Dataset section below:

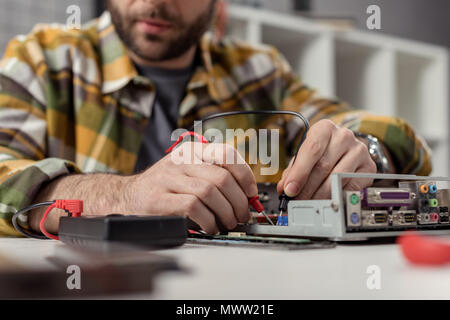 cropped image of man using multimeter while fixing broken computer Stock Photo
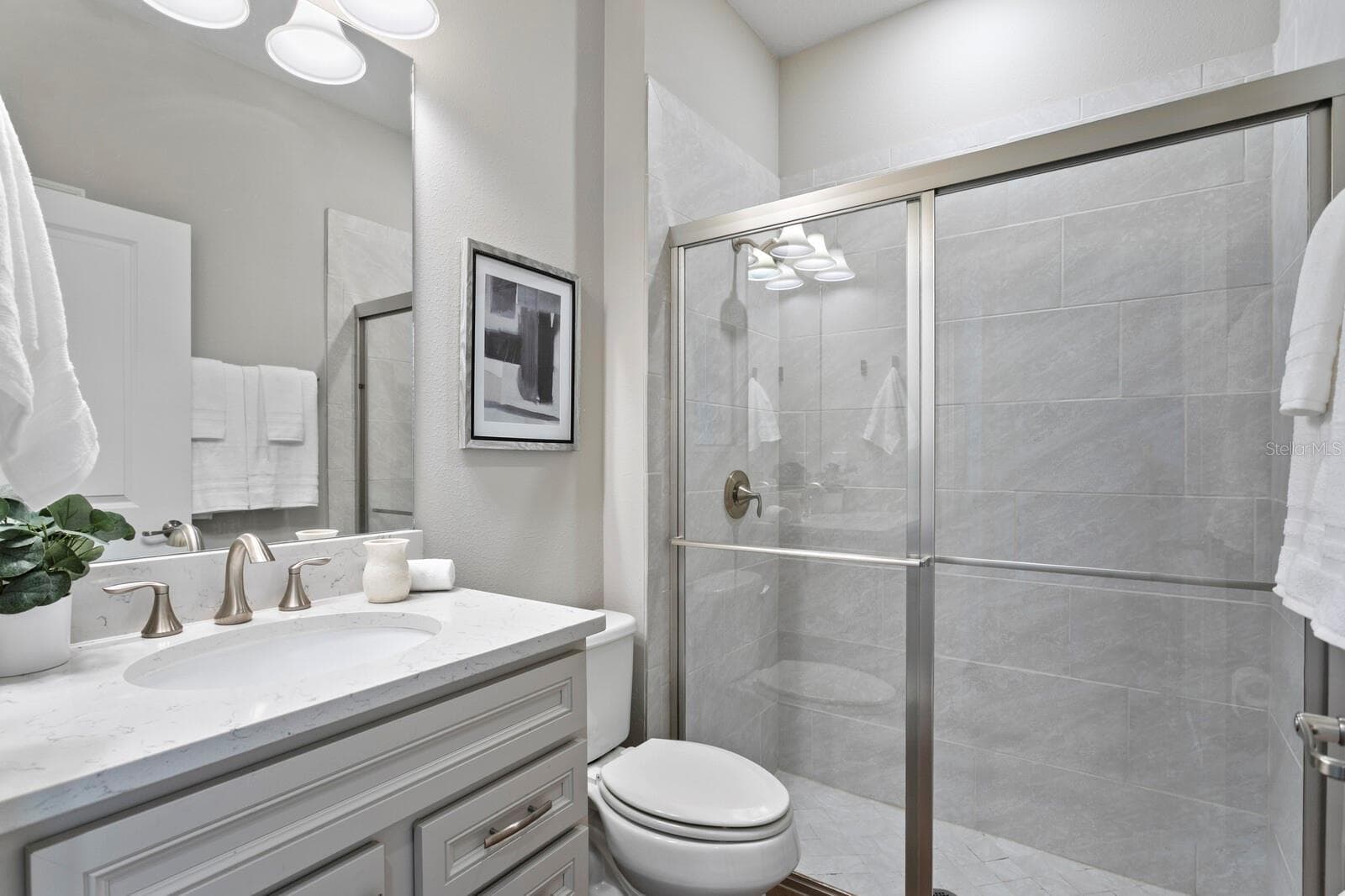 1st floor second full bath with walk-in-shower & quartz counters - 18908 WILLOWMORE CEDAR DR, LUTZ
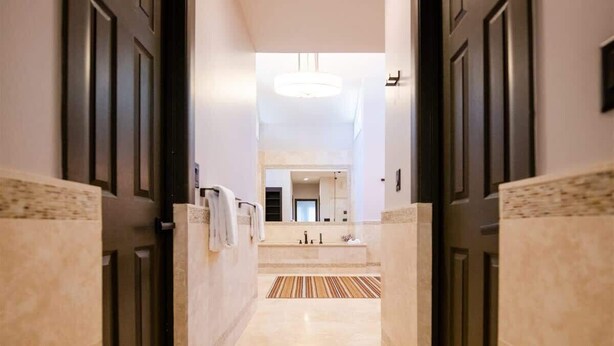 Un couloir menant à une salle de bain dotée d’un grand miroir, d’un lustre et d’un tapis à rayures.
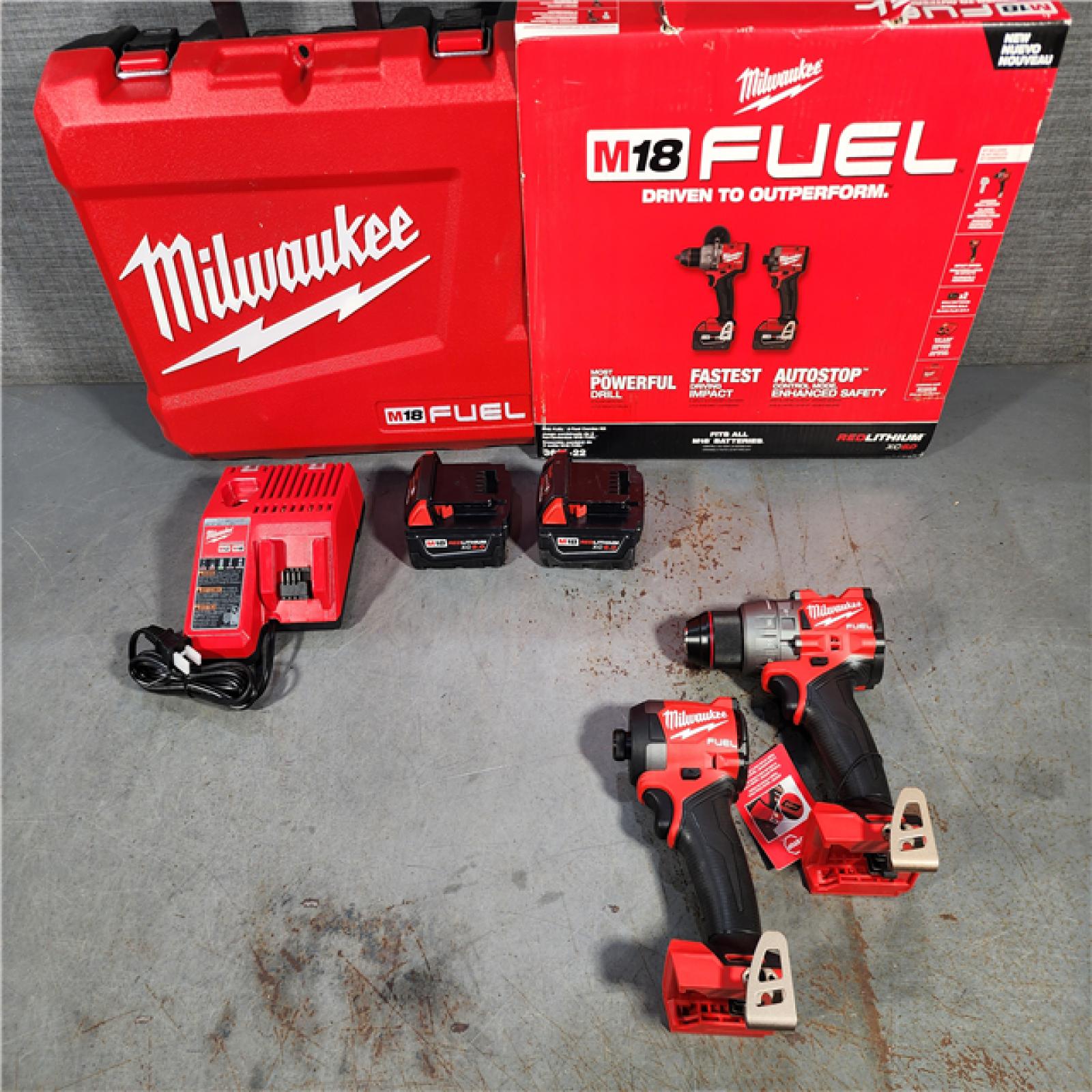 HOUSTON LOCATION - AS-IS (APPEARS LIKE NEW) Milwaukee M18 FUEL 18V Lithium-Ion Brushless Cordless Hammer Drill and Impact Driver Combo Kit (2-Tool) with 2 Batteries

End of Dataset section.

**Exercise brief**
Keeping every word as it is, write out all the data and omit the pictures.

**Response to this exercise**
 cropped image of man using multimeter while fixing broken computer Stock Photo
 1st floor second full bath with walk-in-shower & quartz counters - 18908 WILLOWMORE CEDAR DR, LUTZ
 Un couloir menant à une salle de bain dotée d’un grand miroir, d’un lustre et d’un tapis à rayures.
 HOUSTON LOCATION - AS-IS (APPEARS LIKE NEW) Milwaukee M18 FUEL 18V Lithium-Ion Brushless Cordless Hammer Drill and Impact Driver Combo Kit (2-Tool) with 2 Batteries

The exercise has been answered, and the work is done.